Anyway, despite the rhetoric, Educationrealist noticed some upsetting conclusions and statistical flaws in the original study. Quoting from the original article, “Nomi and Allensworth reported no improvement in 9th-grade algebra failure rates as a result of this intervention, a disappointing result for CPS.” Hmmm… And then s/he observes that the Chicago study did eventually show some improvement, because of the two groups they compared: they “checked the kids just below and just above the threshold? So you only compared the strongest intervention students with the weakest regular students? Well, golly. Did you, perchance, check how the weakest regular students did compared to the weakest intervention students? Was it substantially different from the gap between the strongest intervention and weakest intervention?”

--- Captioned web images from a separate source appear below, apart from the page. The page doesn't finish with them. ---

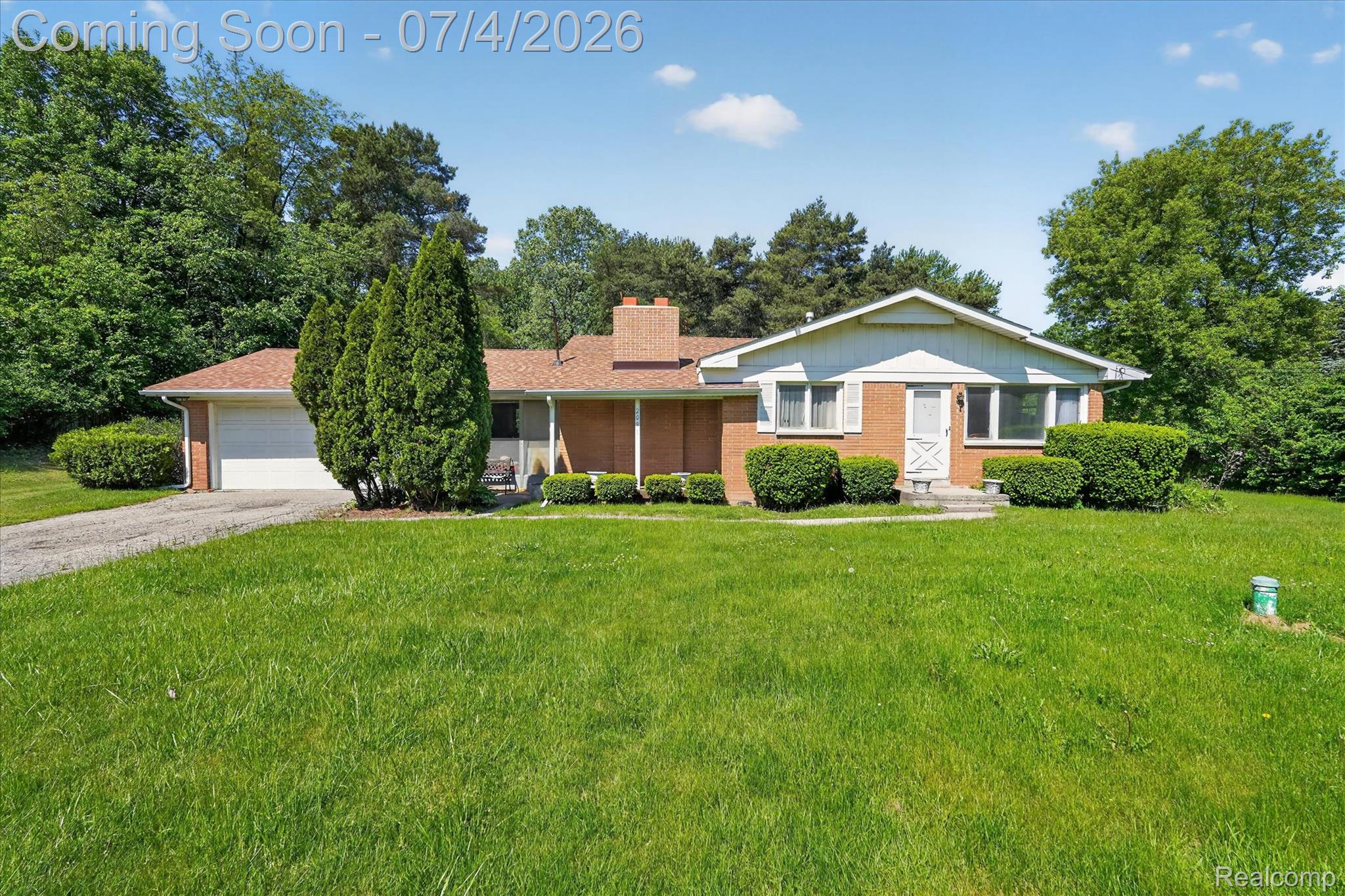 2091 North Irish Road Davison, MI 48423 - Photo 1 of 25 Brick ranch-style residence featuring a white garage door, gabled entry, and a gravel driveway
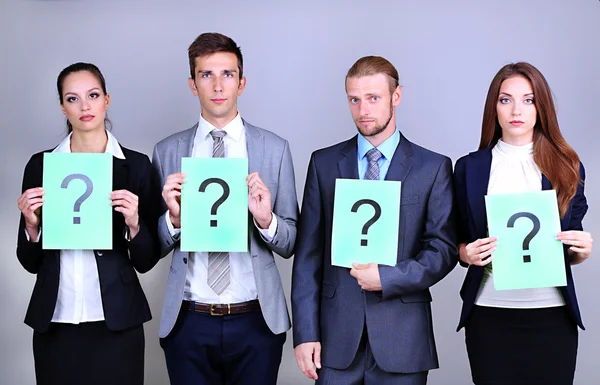 Business team standing in row with question mark on grey background — Stock Photo, Image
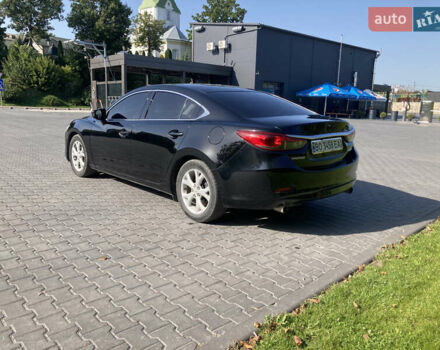 Чорний Мазда 6, об'ємом двигуна 2.49 л та пробігом 150 тис. км за 9699 $, фото 1 на Automoto.ua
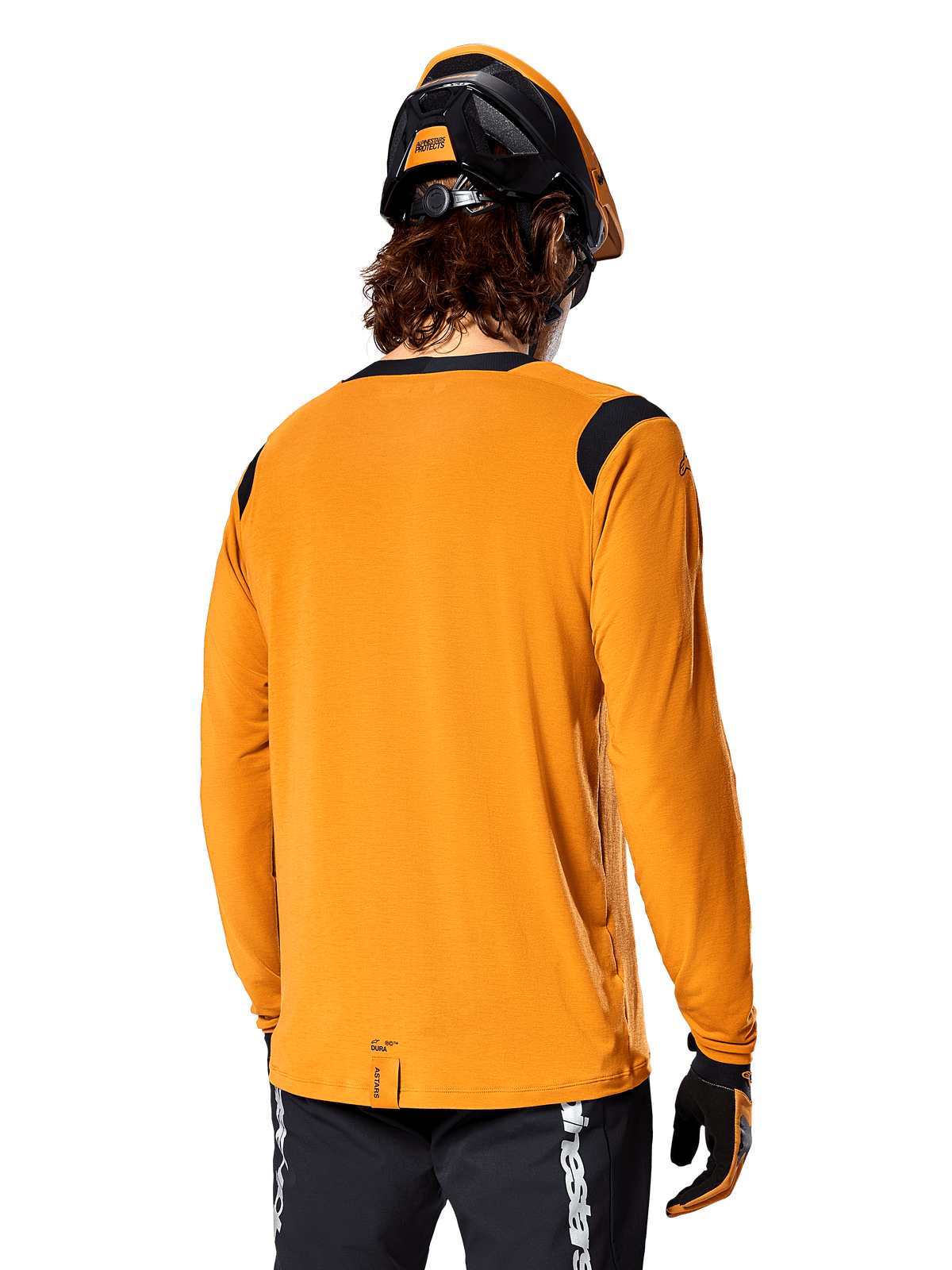 Alpinestars A-Dura Dri Wool langærmet jersey i Dark Gold, set bagfra af en rytter iført mountainbikehjelm og handsker, med sorte mesh-paneler på skuldrene og et længere rygstykke, teknisk cykeltøj til trailkørsel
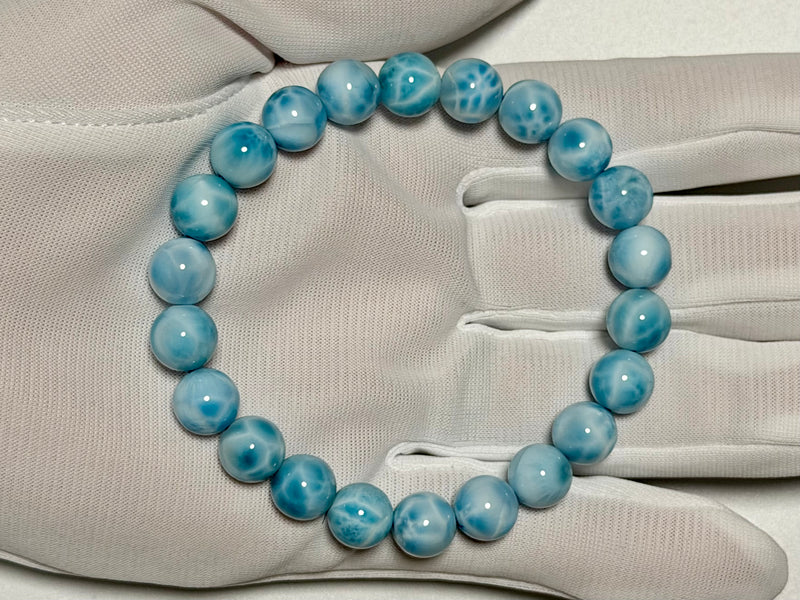 Larimar bracelet, 9.3 mm, gloved-hand view showing blue color and white marbling.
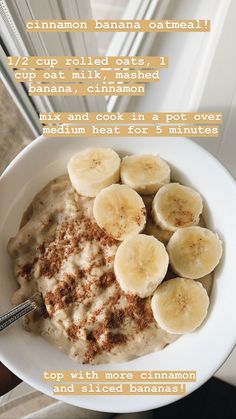 a bowl of oatmeal with bananas and cinnamon on top, in front of a window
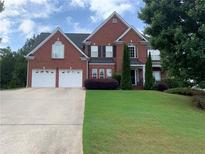 Beautiful two-story brick home featuring a two-car garage and a well-manicured front lawn at 4856 Planters Walk, Douglasville, GA 30135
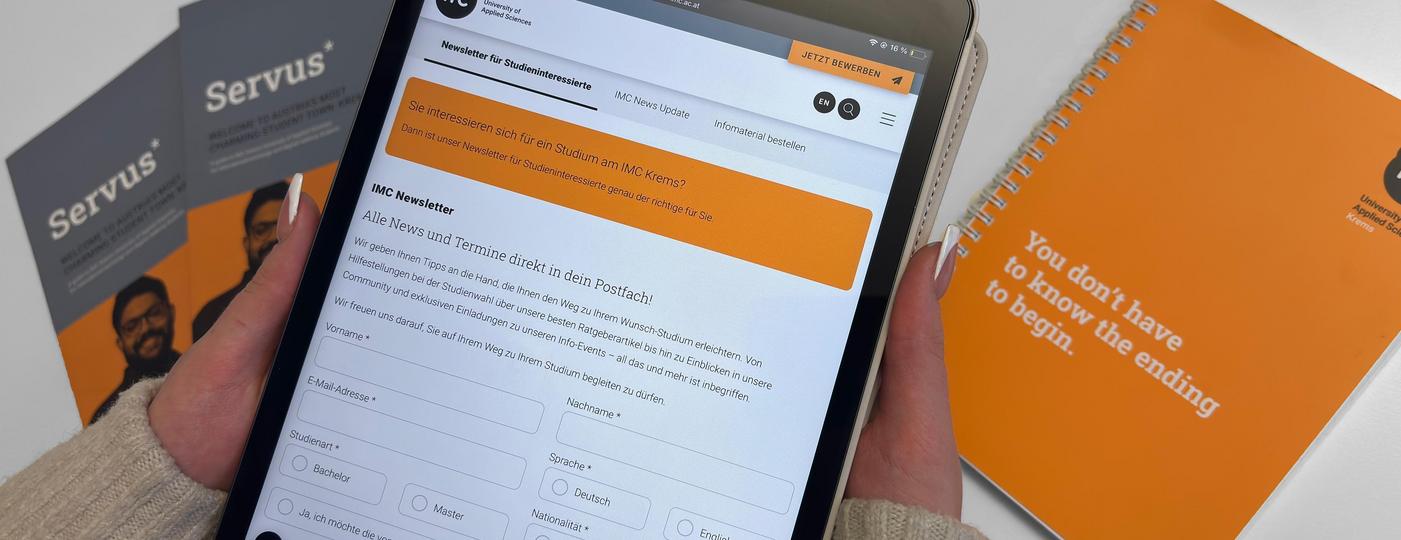 Person hält ein Tablet mit einer geöffneten E-Mail-Anwendung, im Hintergrund unscharfe Broschüren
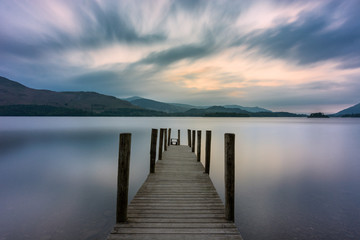 Wooden jetty leading out into lake with dramatic clouds in sky. Ashness, Derwentwater, Keswick, Lake District, UK. - obrazy, fototapety, plakaty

Then the rant continues. The teachers of “A Double Dose of Algebra” were given eight days of professional development to learn what to do. Are you listening, Weston? But wait…“the PD was utterly useless.” Oh, well. And what happened as a result of keeping all these kids together? Let’s see:
For every intervention class, some 20–30 underachieving, low-incentive kids are moving through their entire day together, in non-remedial and remedial classes both. Of course, since most intervention kids are weak in all their subjects, this means that their classes have a disproportionately high number of low achievers — all of whom spend their entire day together, socializing. Or planning ways to wreak havoc. The troublemakers in my class arranged signals that they would use to disrupt classes — all their classes. They’d pick a code word, and whenever the teacher said that word, they’d all start laughing loudly, or squeaking their shoes, or sneezing.
Anyway, the article goes on and on. You might find it tedious, or it might be the sort of thing you like, if you like that sort of thing.